This is part of a series I started in March 2008 - you may want to go back and look at older parts if you're new to this series.
As mentioned last time, over the previous parts I at some point brutally broke our built in operators. I did so by actually implementing proper method calls.
It also made the compiler largely unusuable, and went unnoticed because, well, the compiler is still largely unusable.
So this time we'll add the built in operators back in. At the same time, we'll start the process of getting rid of that obnoxious vestige of C:
runtime.c
I originally hoped to cover this in one part, but it grew and grew, and you're going to have to endure 4 parts of this.
On the upside it represents a return to the low level / code generation focus, along with "threading" the changes through to the Ruby end, and actually adding tests (!).
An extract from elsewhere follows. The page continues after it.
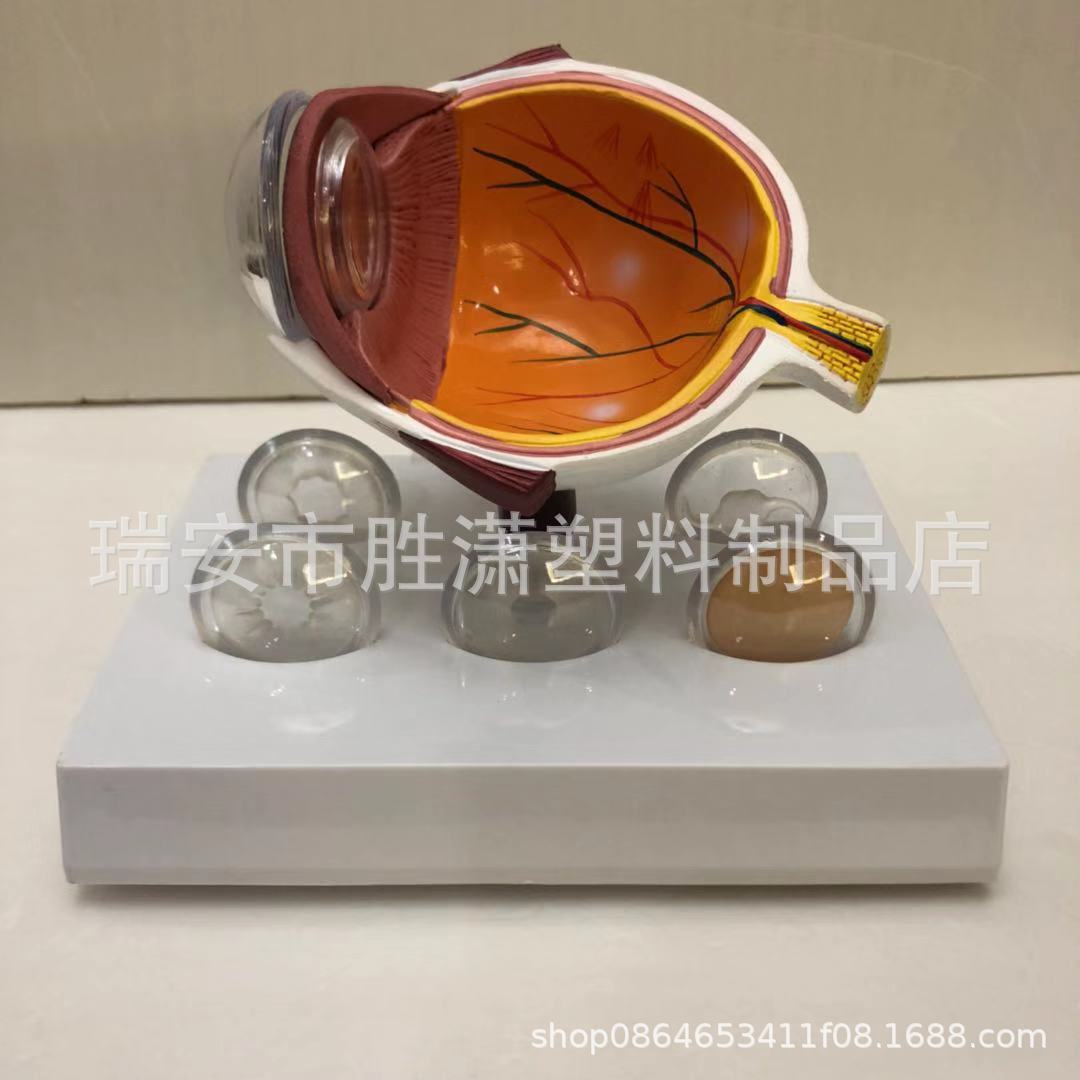 fc8919e6bd38e5322d105e6f359528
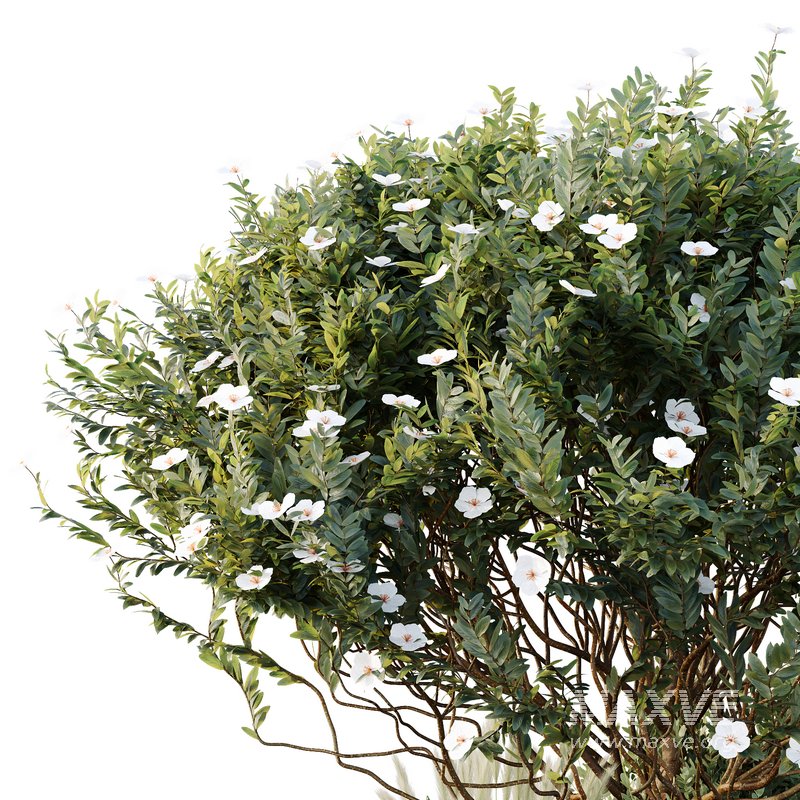 HQ Tree and bush garden box outdoor VOL 21 - Image 3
There are a few things we need to do:
Originally, when we started out, anything the compiler didn't recognize was turned into a call to a function expected to exist and follow C calling convention.
This was convenient, as it allowed adding stuff like simple addition like this:
signed int add(signed int a, signed int b)
{
return a + b;
}
rather than having to figure out the code required to inline the addition directly.
However, Ruby has strange expectations of numbers: They are objects (well, this is not a strange expectation per se - everything is an object in Ruby), and you can add methods to their classes (but really, please, don't do that).
MRI ("Matz Ruby Interpreter" - the disambiguating nickname for the original Ruby, though if you've followed this series this far, you probably knew that) handles integers in part by type tagging, rather than turning them into "proper" objects.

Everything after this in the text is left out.